The culture of Venezuela is a mix of three primary roots: Indigenous, African and Spanish. This process is known as mestizaje, which originated at the beginning of the colonial period with the arrival of Spanish settlers and, later, enslaved African populations, who integrated with the native indigenous peoples. Today, Venezuelan culture is characterized by its music, gastronomy, art and literature, while its people are recognized for their strong sense of companionship and national pride.

== People ==
Venezuela's cultural heritage includes the original Venezuelan natives, the Spanish and Africans who arrived after the Spanish conquest, and the 19^{th} century A.D. waves of immigration that brought many: Italians, Portuguese, Arabs, Germans, Moroccan Jews and others from the bordering countries of South America. Approximately 93% of Venezuelans reside in urban areas, primarily in the northern part of the country. Even though almost half of the land area is south of the Orinoco River, only 5% of the population lives in that area. More than 71% of the population call themselves Catholic and most of the rest are other Christians, mainly Protestant.

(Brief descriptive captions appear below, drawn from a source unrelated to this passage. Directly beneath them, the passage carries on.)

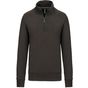 Kariban Sweat-shirt col zippé dark_grey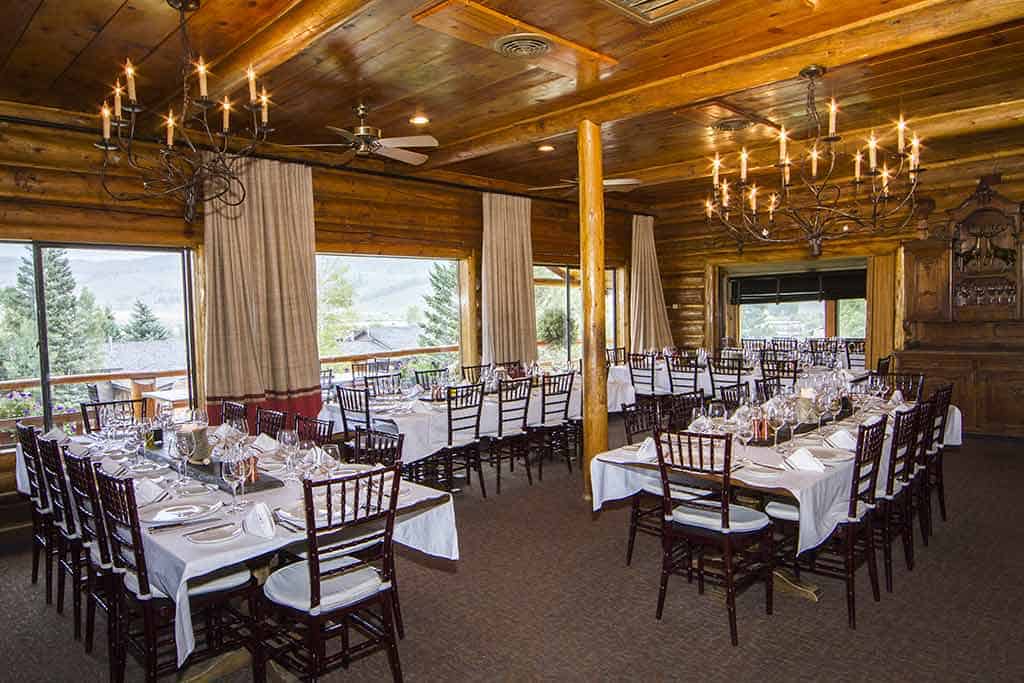 Dining room in the Main Lodge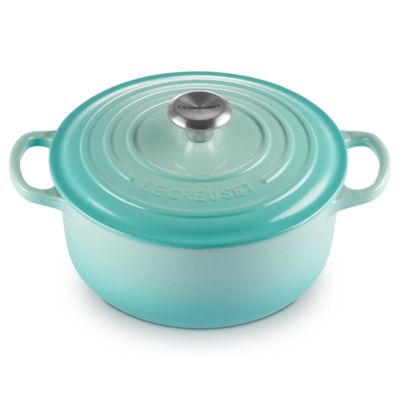 PANELA LE CREUSET REDONDA SIGNATURE 26CM AZUL COOL MINT 21177264962430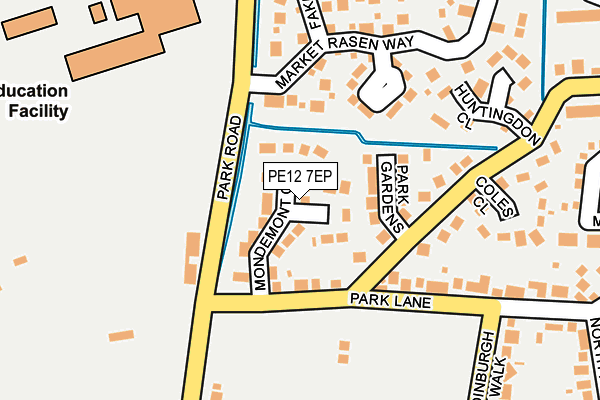 PE12 7EP map - OS OpenMap – Local (Ordnance Survey)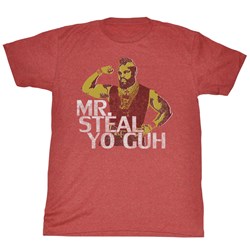 Mr. T - Mens Mr. Steal Yo Guh T-Shirt In Red Heather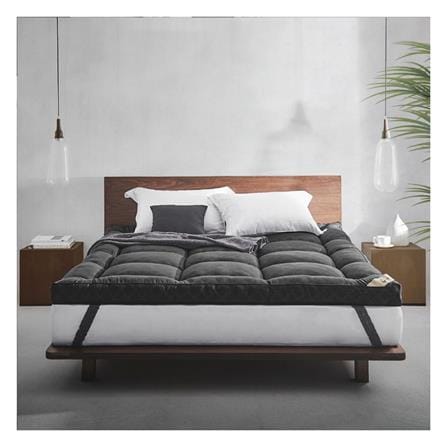 แผ่นรองนอน 3 ฟุต LOTUS AYAME LIGHT GRAY_3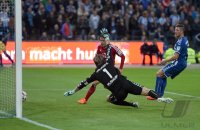 Fussball, 1. Bundesliga  Saison 2014/2015 Relegation: Karlsruher SC - Hamburger SV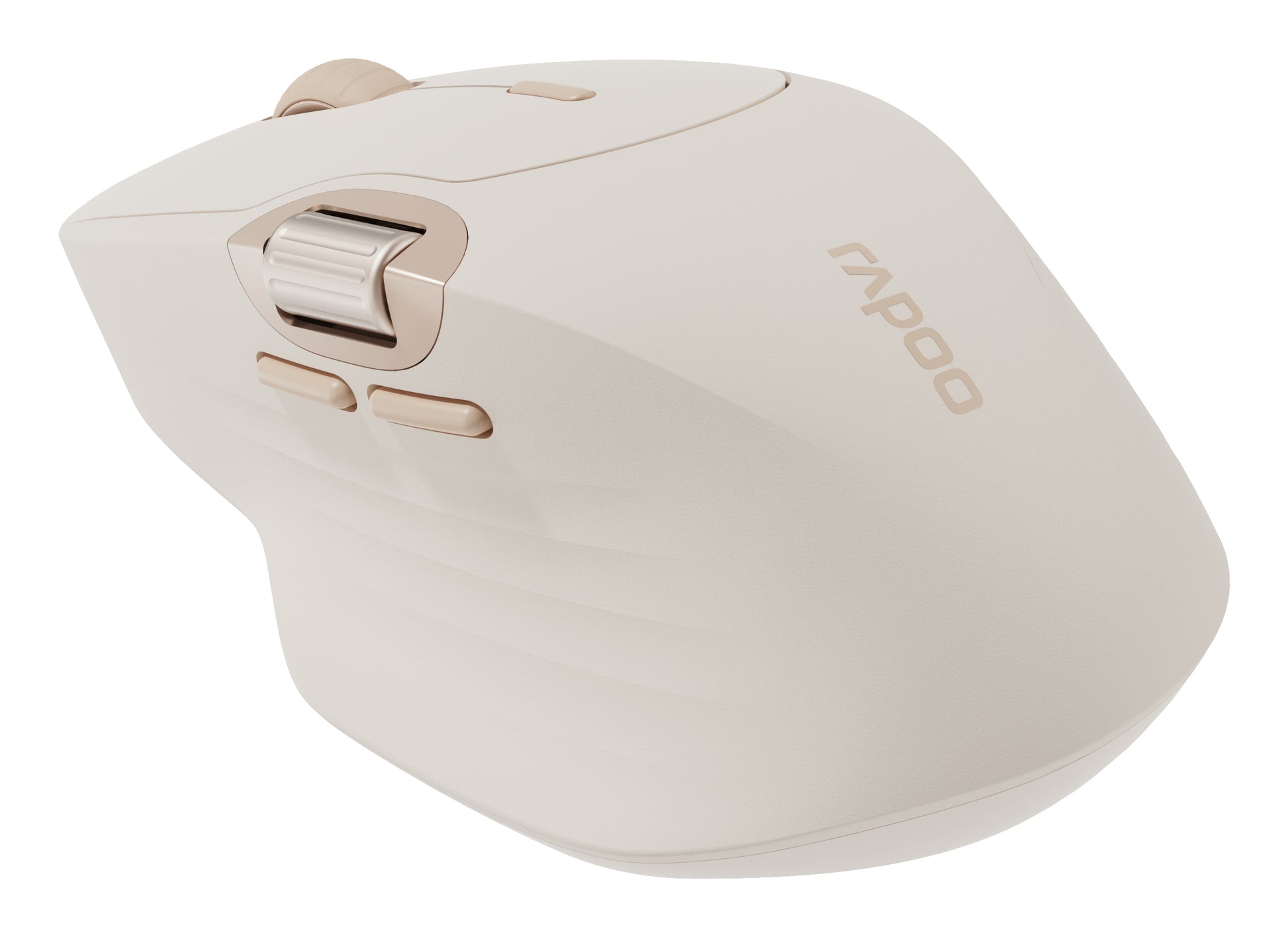 Rapoo MT560 – Maus – Kabellos (Bluetooth/2,4 GHz), 4000 DPI, Creme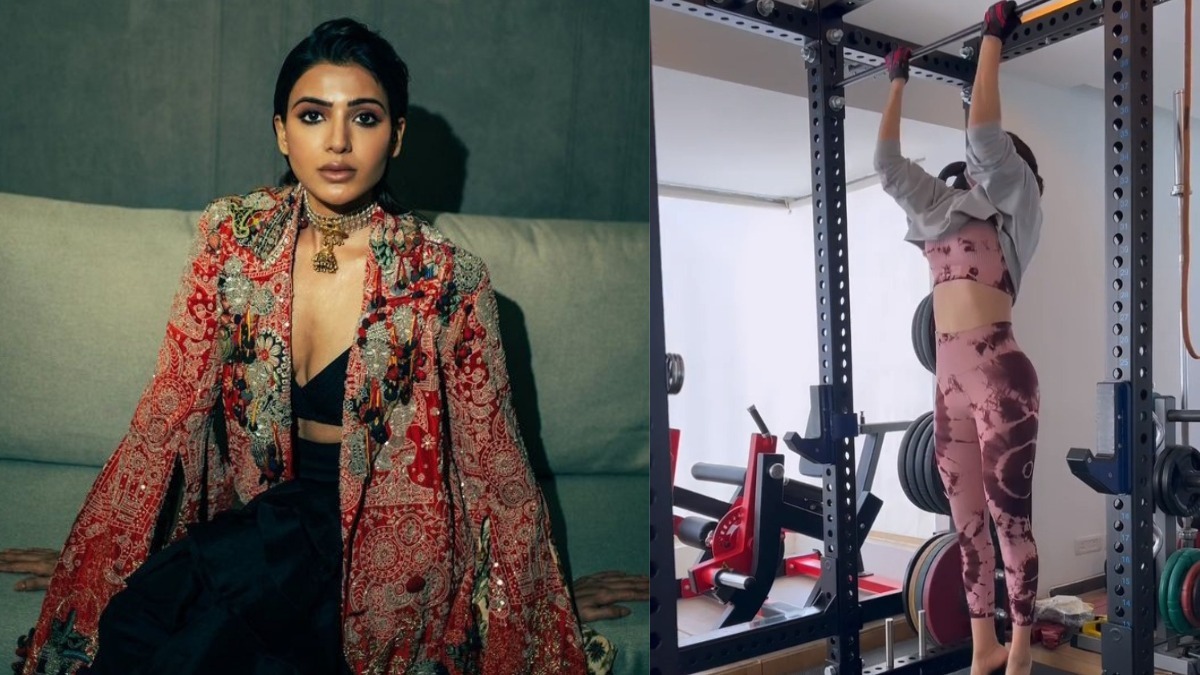Samantha Ruth Prabhu Sets Major Workout Goals While Doing Intense Pull Ups: ‘Strength Is Not What You Eat’!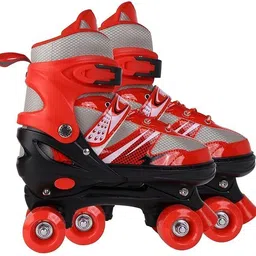 orayan Roller Skates with Break for Boys and Girls Adjustable Inline Skating Shoe Skates - Size 7-10 UK-picture-25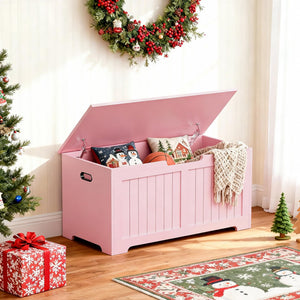 Wooden Storage Chest with Safety Hinges & Storage Bench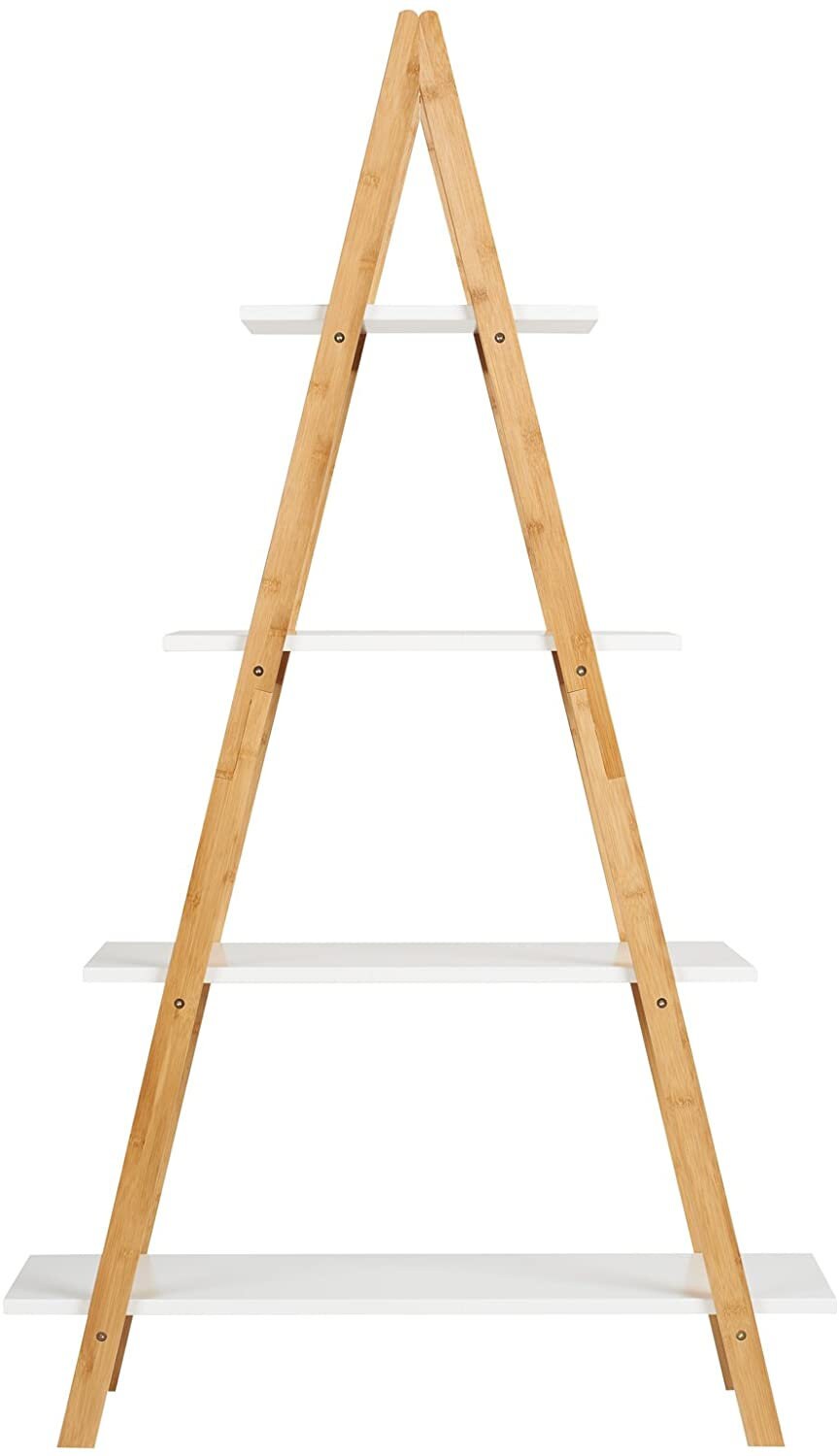 Modern Scandinavian 4 Tier White Ladder Style Bookcase Etsy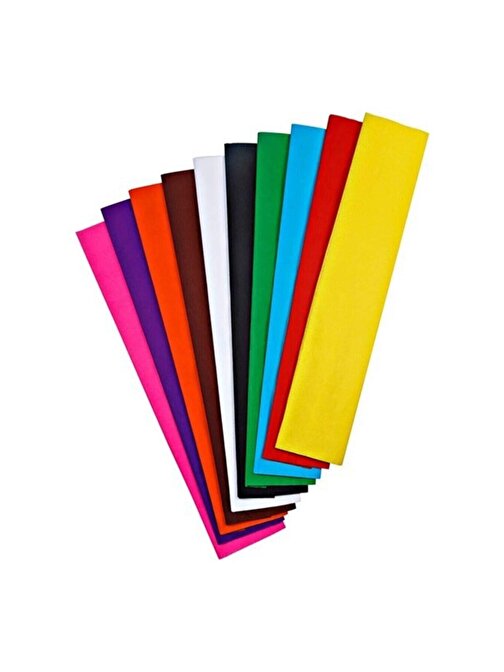 Limmu Desensiz Krapon Kağıdı 10 Renk 10'lu Paket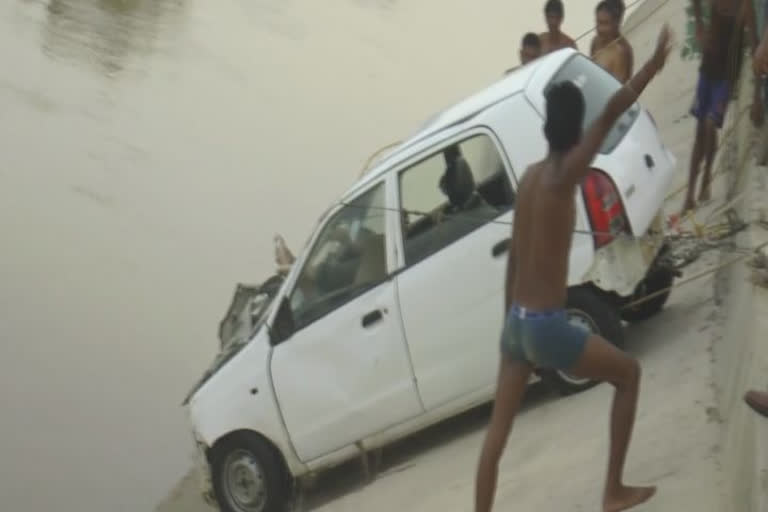 Car fell in canal in Dabwali
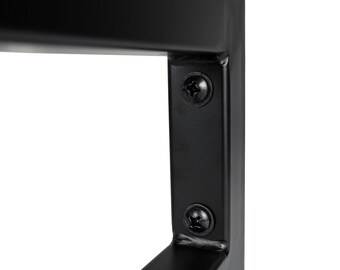 Consola 40 Cm Para Lavamanos Juego De 2 Consolas/Soportes De Pared Para Lavabo YARDIN - Acero Inoxidable Cepillado, 40x15 Cm, Soporte De Carga Pesada, Fácil Instalación Estante Baño Carga Pesada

Venezuela's heritage, art, and culture have been heavily influenced by its Caribbean context, including its historic architecture, art, landscape and boundaries.

The World Values Survey has shown Venezuelans to be among the happiest people in the world, with 55% of those questioned saying they were "very happy" in 2007.

==Art==

Venezuelan art was initially dominated by religious themes but began to emphasize historical and heroic representations in the late 19^{th} century, a shift led by Martín Tovar y Tovar. Modernism took over in the 20^{th} century. Venezuelan Artists include: Arturo Michelena, Cristóbal Rojas, Antonio Herrera Toro, Armando Reverón, Manuel Cabré; the kinetic artists Jesús-Rafael Soto and Carlos Cruz-Díez; and contemporary artist Yucef Merhi.

==Literature==

Venezuelan literature originated soon after the Spanish conquest of the mostly pre-literate indigenous societies; it was dominated by Spanish influences. Following the rise of political literature during the War of Independence, Venezuelan Romanticism, notably expounded by Juan Vicente González and Fermin Toro, emerged as the first important genre in the region. Although mainly focused on narrative writing, Venezuelan literature was also advanced by poets such as Andrés Eloy Blanco and Fermín Toro.

Major writers and novelists include: Rómulo Gallegos, Teresa de la Parra, Arturo Uslar Pietri, Adriano González León, Miguel Otero Silva, and Mariano Picón Salas. Andrés Bello was also an educator and poet. Others, such as Laureano Vallenilla Lanz and José Gil Fortoul, contributed to Venezuelan positivism.

==Music==

Folk music of Venezuela is exemplified by the groups Un Solo Pueblo and Serenata Guayanesa. The national musical instrument is the cuatro. Typical musical styles and pieces mainly emerged in and around the llanos region, including: "Alma Llanera" (by Pedro Elías Gutiérrez and Rafael Bolívar Coronado), Florentino y el Diablo (by Alberto Arvelo Torrealba), Concierto en la Llanura (by Juan Vicente Torrealba) and "Caballo Viejo" (by Simón Díaz).

The Zulian gaita is also a popular style, generally performed during Christmas. The national dance is the joropo. Teresa Carreño was a 19^{th}-century piano virtuoso. The Simon Bolivar Youth Orchestra has performed in many European concert halls, including at the 2007 Proms.

==Festivals==
The celebration of Corpus Christi includes dancing in the streets in masks and uniforms. The tradition dates back to Spanish colonial times.

==Sports==

Baseball is Venezuela's most popular sport. There is a Venezuela national football team.

== Gastronomy ==
Main article: Venezuelan gastronomy

The food (ingredients, style of cooking, inside and outside influences, specific customs applied) of this country is part of the Latin American world.